The line between explaining an atrocity, which is an essential task, and 
excusing it is fuzzy and requires vigilant policing - a vigilance lacking these
last few days.

But the most serious flaw in this "blame America" critique is its substance. 
It's not that the US record abroad is not filled with appalling atrocities - 
coups planned and executed, whole continents destabilised, vile regimes propped
up. But the claim that it is these specifics which have driven the Islamic world
insane with rage is shaky at best.

Take the first two charges on the anti-American rap sheet: the decade-long US 
war on Iraq and the US military presence in Saudi Arabia. They sound like 
convincing provocations until one remembers that America was branded the Great 
Satan long before either development: the stars and stripes were burned and US 
embassy officials taken hostage in Tehran 22 years ago. Also: if the US army's 
presence in Saudi Arabia so incenses Islamic fundamentalists then why do they 
never target the Saudi royal family, which invited the Americans in as 
protectors against Saddam Hussein in the first place? Nor do these advocates 
ever address those bits of the US record which don't fit the 
America-against-Islam thesis. The Americans intervened twice in the Balkans in 
the last decade - both times on the side of Muslims who faced ethnic cleansing.
(When the US did that, incidentally, the same crowd opposed them then, too.)

Above all, we're told, it is American support for Israel which so enrages the 
developing world. Yet that argument hardly seems to stack up. It was George 
Bush Sr who took the hardest line on Israel - denying $10bn of loan guarantees 
in pursuit of a freeze on settlement activity - and yet he was as hated across 
the Middle East as any other US president.

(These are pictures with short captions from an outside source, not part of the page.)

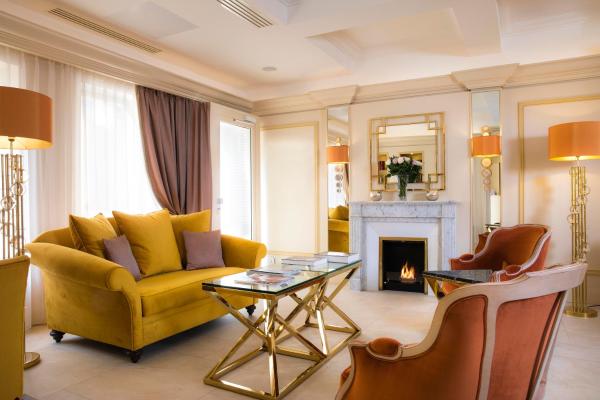 A la foto es mostra l'objecte Hotel De Suede Saint Germain situat a la ciutat de París.
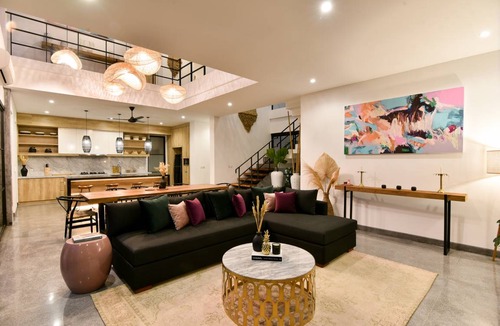 Berawa Villa | VILLA SOHO· Luxury & Indulgence - close to FINNS BEACH CLUB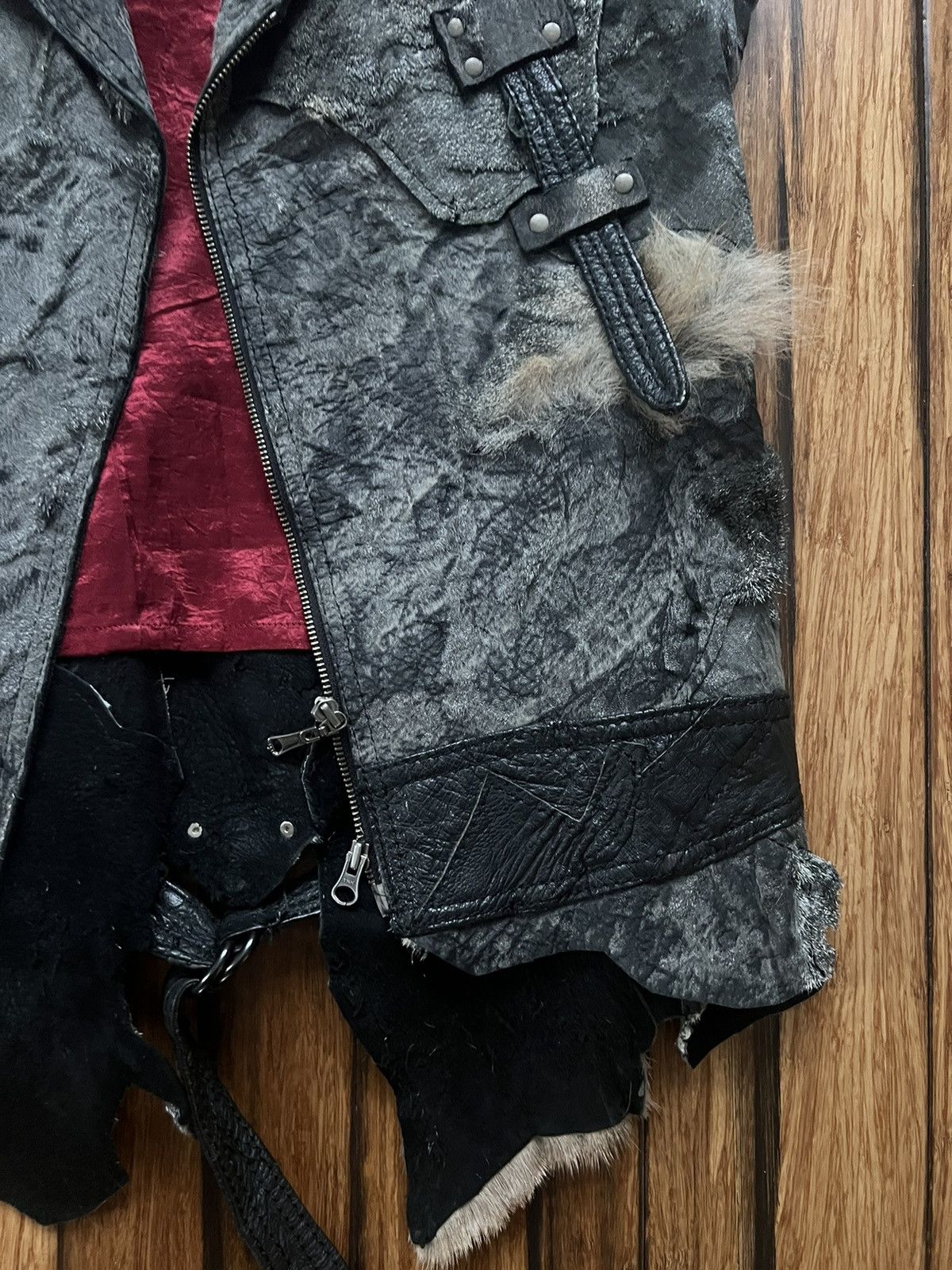 Yasuyuki Ishii Yasuyuki Ishii Leather Fur Variation Patchwork Biker Vest Size US M / EU 48-50 / 2 - 2 Thumbnail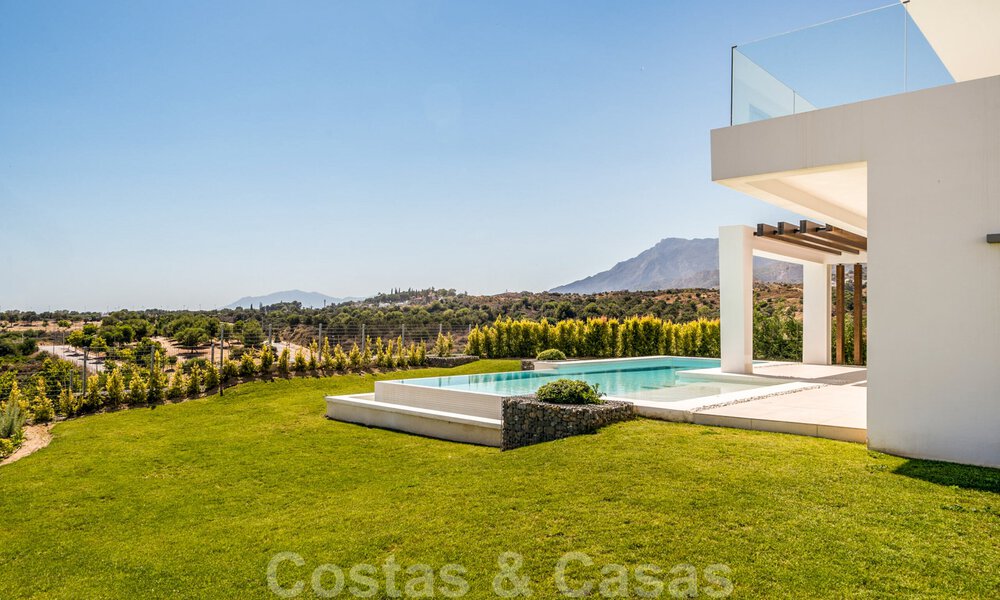 Listo para entrar a vivir, villa moderna con impresionantes vistas en venta en Marbella Este 36012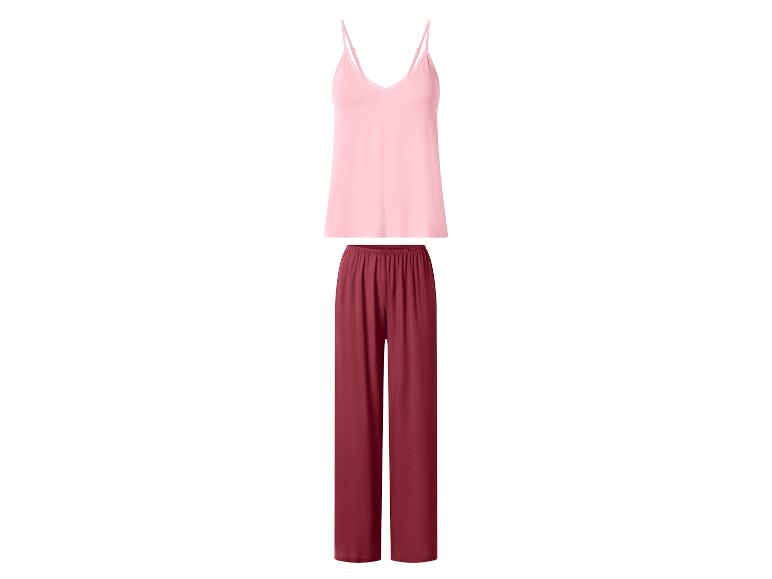 Roze spaghettibandjes top en bordeauxrode joggingbroek.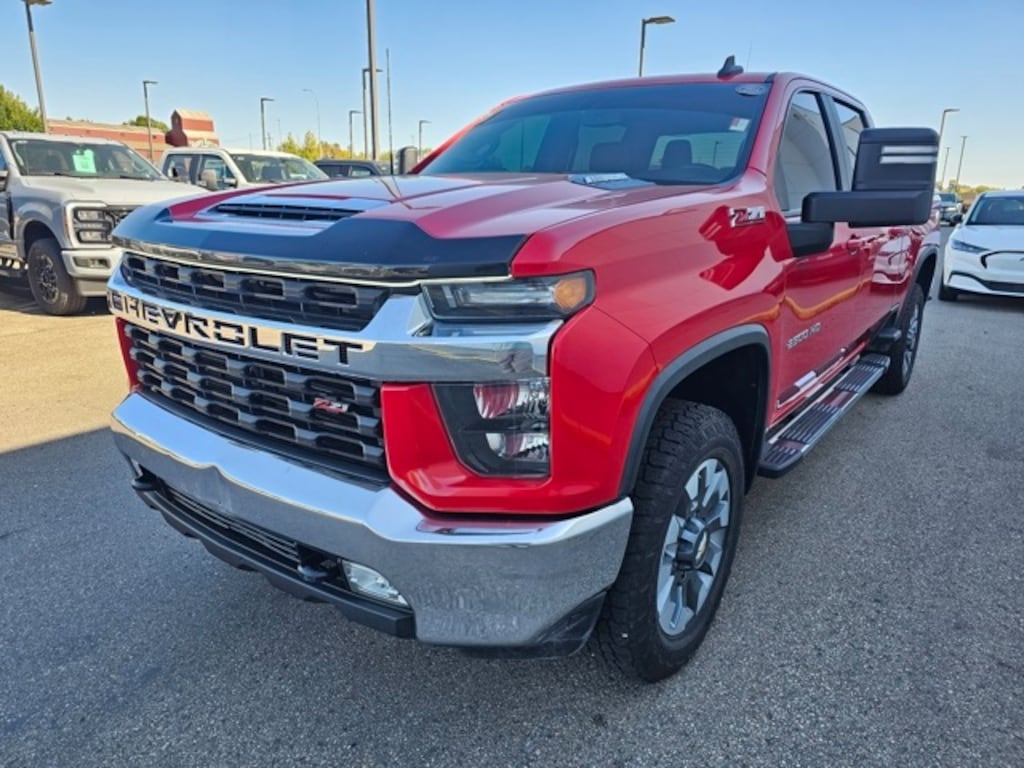 Used 2022 Chevrolet Silverado 2500 HD LT Truck Crew Cab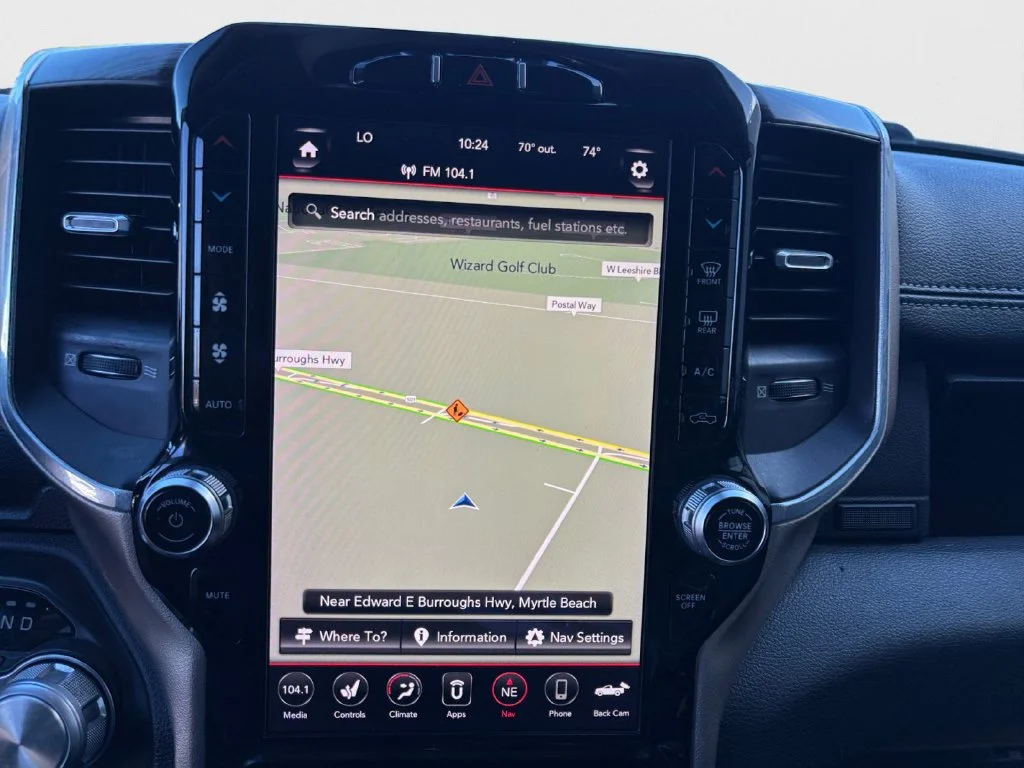 Used 2019 Black Ram Laramie image 13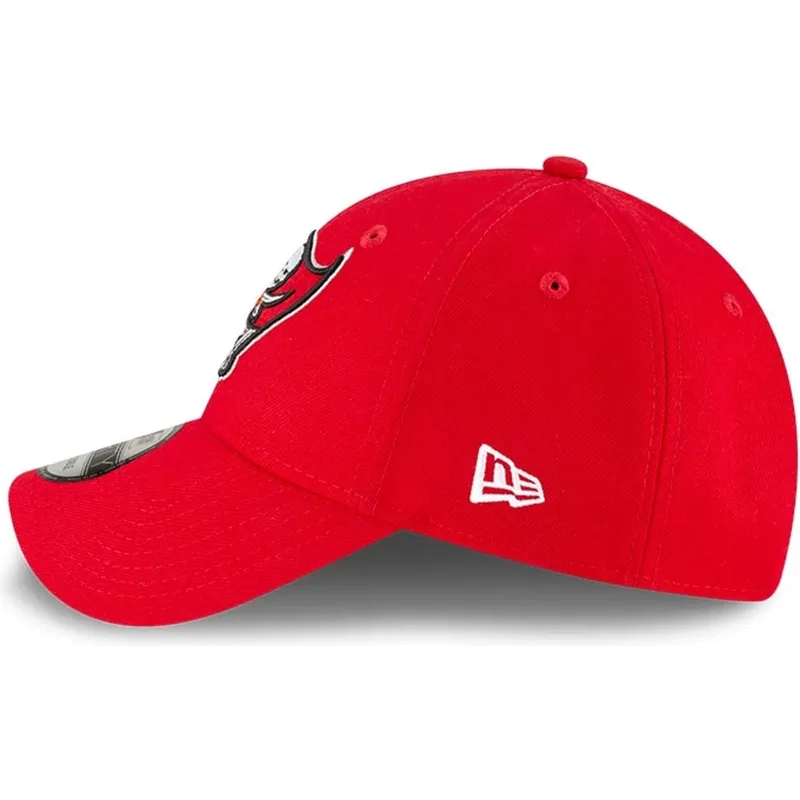 shapka-izvita-chervena-reguliruem-za-deca-9forty-the-league-na-tampa-bay-buccaneers-nfl-ot-new-era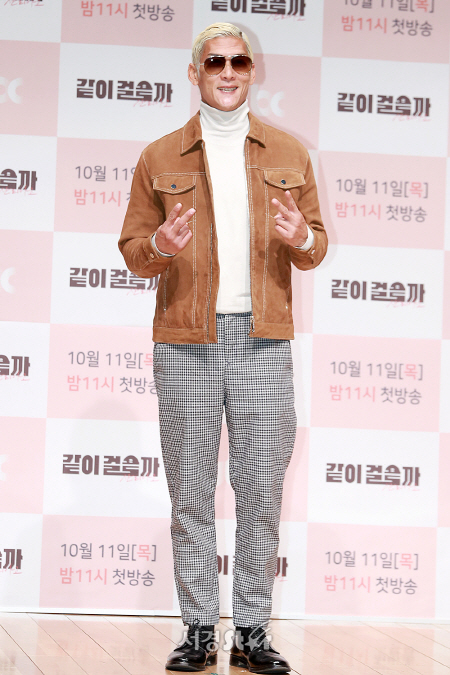 god 멤버 박준형이 JTBC 신규 예능 프로그램 ‘같이 걸을까’ 제작발표회에 참석해 포토타임을 갖고 있다. / 사진=지수진 기자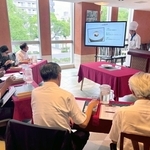 「白鷺鱧」と地元野菜を使った創作料理を発表する学生たち＝姫路市安田１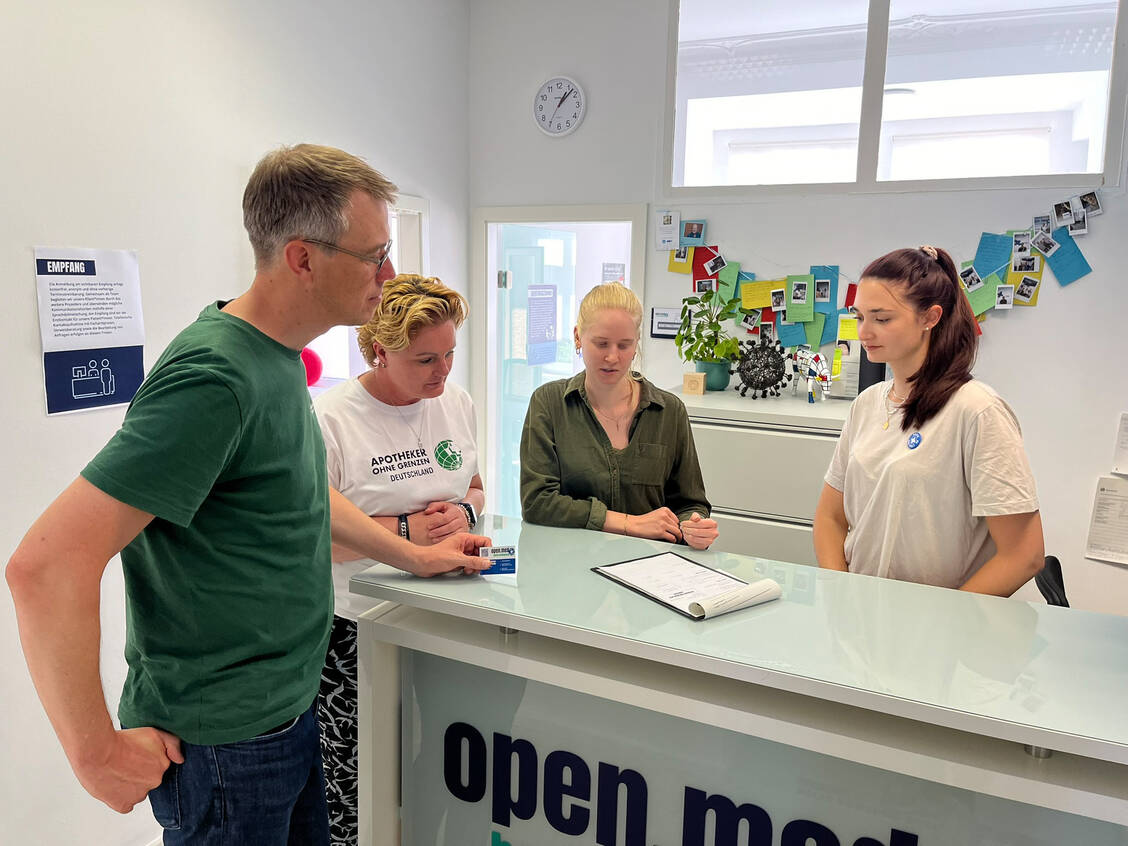 Apotheker ohne Grenzen unterstützt seit diesem Sommer auch die Praxis open.med des Vereins Ärzte der Welt in Berlin-Lichtenberg. Versorgt werden dort Menschen ohne Zugang zur regulären Gesundheitsversorgung – niedrigschwellig, kostenlos und anonym. / © Apotheker ohne Grenzen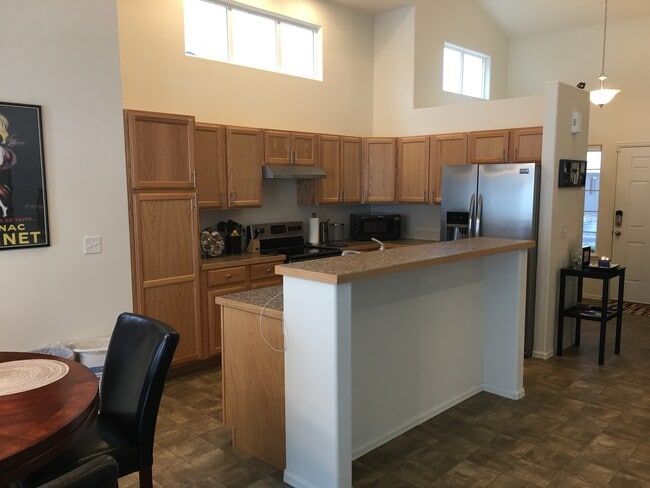 Building Photo - Must-see stunning home! Won't last long!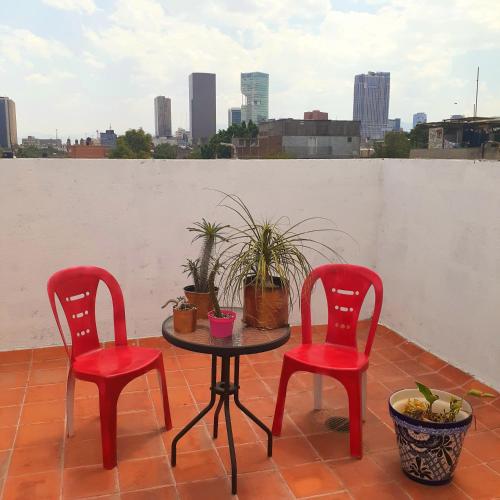 Rooftop Paradise Central Location, Scenic Views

No, there is a naivete in all these attempts to explain the fury that burst 
forth on September 11. They seem to suggest that if only the US pursued a 
different foreign policy, the hijackers would never have boarded those planes. 
Yet if Washington dropped the sanctions against Baghdad and pulled out of Saudi
tomorrow, would it really make any difference? Wouldn't the hatreds on display 
in Iran in 1979 still be there?

Equally, would a change of tack on Israel really alter much? The commentators 
may believe it is US support for Israel's 34-year-old occupation of the West 
Bank and Gaza that so angers Islamic fundamentalists. But, once again, they are
naive. Last Tuesday's hijackers and the people who inspire them are not opposed 
to the post-1967 occupation: they are opposed to Israel's very existence, which
they regard as an alien Jewish incursion into what should be Muslim lands. Only 
American support for that position - total eradication of the Jewish state - 
would begin to placate them.

There is a kind of comfort in imagining the fault for last Tuesday lies in 
America's hands, because so then does the solution. That was Falwell's gospel 
and it is the New Statesman's too. The US merely has to shake off its evil ways
and all will be well. But this is a false comfort. The harsher truth may be that
America's offence consists of things it cannot do much to alter: its wealth, its
modernity, its centrality in the global capitalist order, its brash westernness,
its existence as an opposite pole to everything fundamentalist Islam stands for.
Sure, it could tweak its foreign policy and it would be cosy to think that would
prevent future atrocities. But the scarier truth might be that America is hated 
just for itself. And there is little it can do about that.

Progressives need to recognise this, and tone down the anti-American invective,
if they are to make headway in the struggle to come. We may well want to 
challenge a wrong-headed response to September 11, should President Bush stick 
to his "wanted dead-or-alive" and "crusade" rhetoric and make a dangerous move.
But mainstream US ears will be closed to our pleas if we can be dismissed as 
callous critics who were never capable of sympathy, only blame.